第26話
未だ帰るのには早い時間なので、俺たちは採集を続ける事にした。この草原にしかない薬草もあると買取りの時に教えて貰ったしね。
と言っても草原の浅い部分なので貴重な薬草は見当たらない。最近不足してるって言ってたから乱獲されたのかも知れないな。ダメだよ、株を全部採って行っちゃ。少し残しておかないと増えないからね。
アンちゃんに、これは食べられる、これは腹を下す、なんて教えていると、地響きを立てて迫って来るヤツがいる。遠目にみて、巨大イノシシみたいだ。
「な、あれはパラライズボア!どうしてこんなところに。」
パラライズボアと言う名前で、体中に麻痺毒がありその牙に刺されると死ぬ事もあるそうだ。主食はあのトゲトゲした毒草らしい。良くあんなもん喰うねオマエ。あ、毒草喰ってるから毒持ってるのかな。前世でもいたよね。フグもそうだった様な気がする。思い出したらフグひれ酒飲みたくなって来た。
「あたしが食い止めるから、その間に逃げて。」
アンちゃんが盾役になると言う。でもあのイノシシ、どう見てもこの前の模擬戦の時のガチムチ剣士より大きいぞ。アンちゃんではいなす事は出来ても、押し留めるのは無理そうだ。それに猪は意外と俊敏だと聞くし。
「俺が魔法を打つよ。もし外したら対処を頼む。」
さてどうしよう。ここは仮称ウインドカッター ver.2・・・面倒くさいからもうウインドカッターでいいや。それでいこう。
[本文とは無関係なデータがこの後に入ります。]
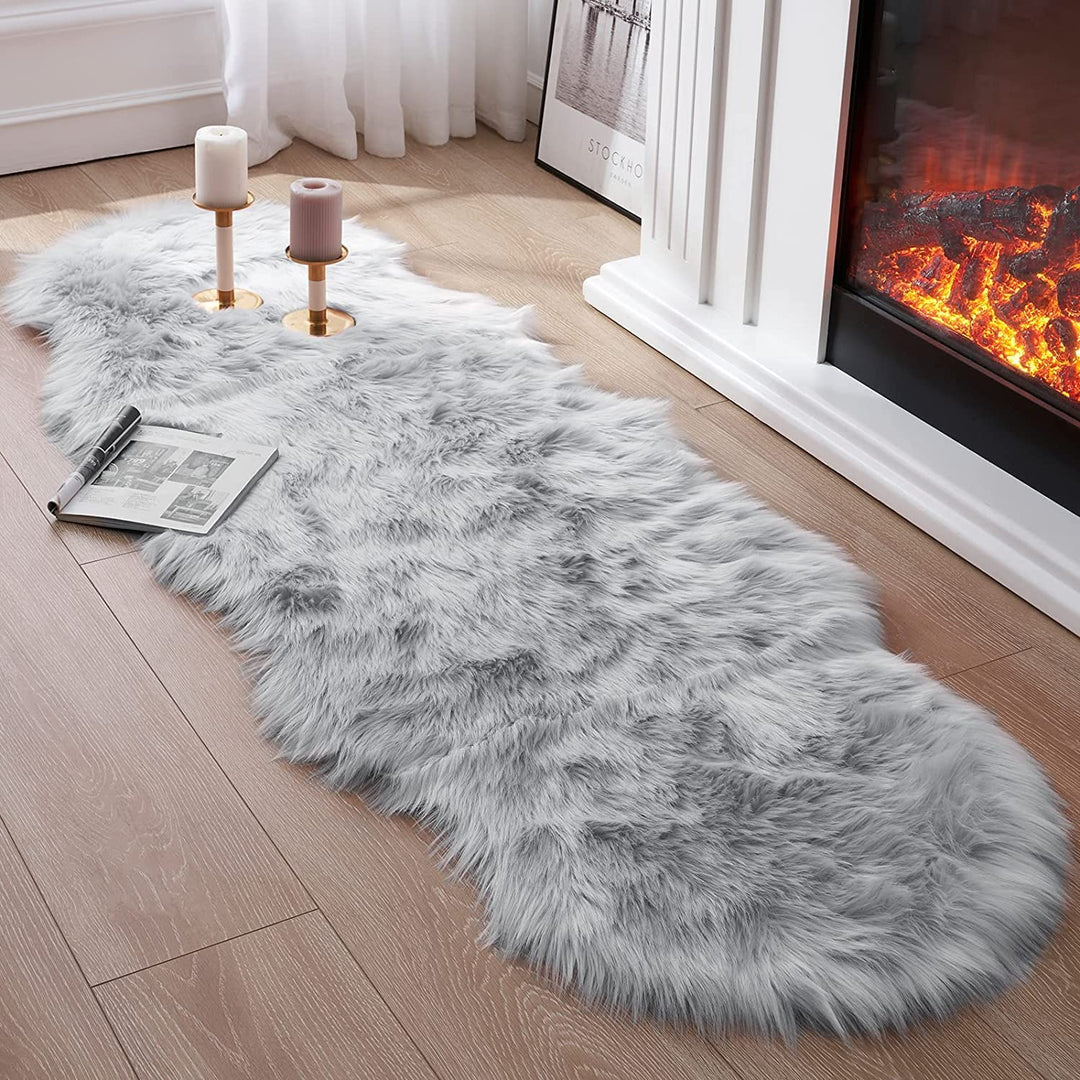 JXLOULAN Faux Lammfell Schaffell Flauschig Teppich 60 x 160 cm Nachahmung Wolle fellteppich Weiche L
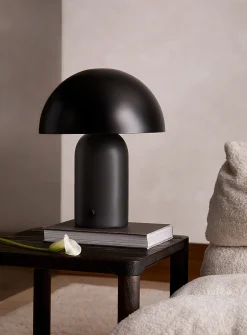 Table lamp with black ceramic base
幸いにして真っ直ぐ突っ込んでくるので狙いは付けやすい。歯を縦にするイメージでバーっとやってやった。魔法はコーラス様に”適当に”教えて頂いたので、今後魔法の流派を聞かれたらコーラス流と名乗ろう。
猛スピードで走って来る大猪と同じく猛スピードで飛んで行く見えないカッターがぶつかり合った。その結果、
「すごい。あのパラライズボアを一撃で・・・」
アンちゃんに良い所を見せる事が出来た様だ。満足満足。
体中毒だらけなので、パラライズボアの肉は食べられないそうだ。でも、偶に珍味、しびれるのがイイと言って食べて毒に当たる奴がいるらしい。どこの世界にもそういう人は居るんだね。
縦真っ二つにしてしまったので、魔石も砕けてしまっていた。一応回収して持って帰る事にする。安くはなるが引き取ってくれるらしい。
「それと、牙が高値で売れるのよ。薬の材料になるとか。でも血や肉なんかにも毒が含まれているので牙を抜く処理が大変なのよ。って、何してるの!」
いや牙が売れると言うのでナイフで切り取ろうとしている所なんですが。手が血まみれになってますね。ちょっとヒリヒリする位で大した事無いよ。もしかすると、俺はパラライズボアの肉を食っても毒に当たらないかもしれないなぁ。